Section 409A Relief Needed

Michael Segal, Jeannemarie O’Brien and Ian Levin of Wachtell Lipton Rosen & Katz

By December 31, 2008, nearly every compensation arrangement maintained for any employee subject to U.S. income tax – regardless of his or her title, compensation or position – must be amended to comply with the deferred compensation rules of Section 409A of the Internal Revenue Code. Operational compliance alone will not suffice; each arrangement subject to Section 409A (and in some cases those that are not) must contain certain technical provisions that reflect Section 409A. If the written arrangement does not comply, each affected employee may face immediate income taxes and a 20% penalty tax (even if the payment has not been received or is ever received), and the employer may have reporting and withholding obligations (the long-awaited guidance on reporting, withholding and income inclusion has not yet been issued and will present a separate compliance and administrative challenge).

Although companies have had since the issuance of the final regulations in April 2007 to amend their arrangements to comply with Section 409A, the regulations are massive in breadth and scope and even the most basic principles continue to be debated among practitioners and, we believe, within the government itself. It is apparent that most companies do not have the resources to review every compensation arrangement, identify the issues, find solutions, obtain the approval of senior management or their boards and have the changes reduced to writing and explained or consented to by the affected employees by December 31, 2008. As corporate America faces its most significant financial challenges since the 1930s, its ability to allocate financial and legal resources, and senior management and board attention, to this daunting and possibly futile effort is significantly compromised in ways not contemplated even weeks ago, and clearly must take a backseat to more pressing matters.

Section 409A has achieved one of its primary goals – a six month delay rule prevents executives of public companies from “jumping ship” to get paid their deferred compensation ahead of others (recent events show that deferred compensation’s perceived tax benefits come with a very significant and real credit risk). Whether Section 409A’s other objectives warrant the costs and resource allocation needed to satisfy the overly technical documentary requirements is questionable, since its fundamental requirements have been successfully implemented by companies in operation without regard to the written terms of the arrangement. Ironically, in the current environment, for many U.S. taxpayers, the immediate payment of deferred amounts with a 20% tax penalty may be a more rational choice than continuing the deferral and living with the risk of non-payment and incurring a future penalty tax under Section 409A.

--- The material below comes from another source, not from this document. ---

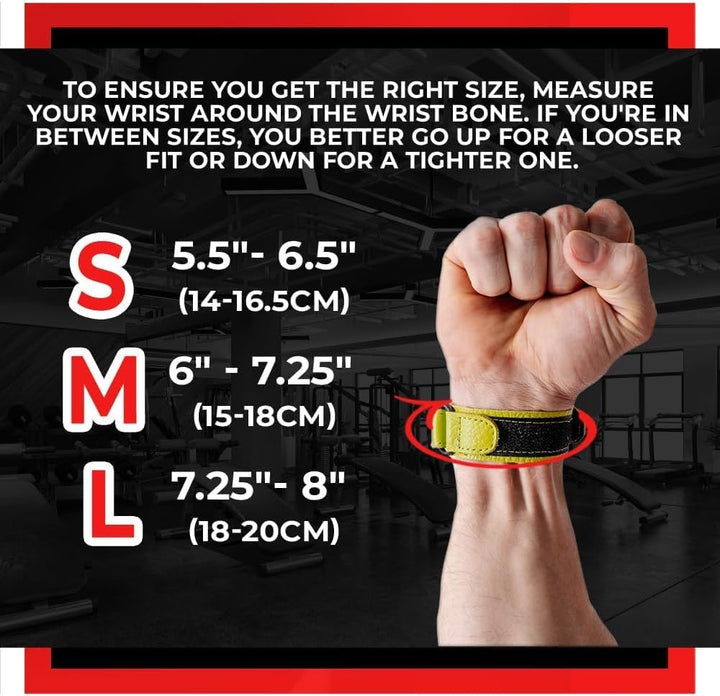 WARM BODY COLD MIND Premium Leder Wrist Wraps für Olympisches Gewichtheben, Handgelenkstütze, Fitnes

At this point, it is clear that the government’s mandate of complete and error-free documentary compliance by year end (or ever) is unattainable and unnecessary to achieve its original goals. Treasury and the IRS must take action to delay the documentary compliance requirements of Section 409A. In the absence of a delay, the burden on companies would be significantly eased if the application of the 2008 deadline was limited to the executive officers of public companies (i.e., the Section 16 officers). Moreover, the IRS should announce that good faith efforts to comply with the final regulations, both in form and operation, will be acceptable. America’s corporate resources should be focused on business matters in this critical and uniquely difficult time, without the worry that a vast portion of its workforce will be subject to a punitive and draconian tax on New Year’s Day.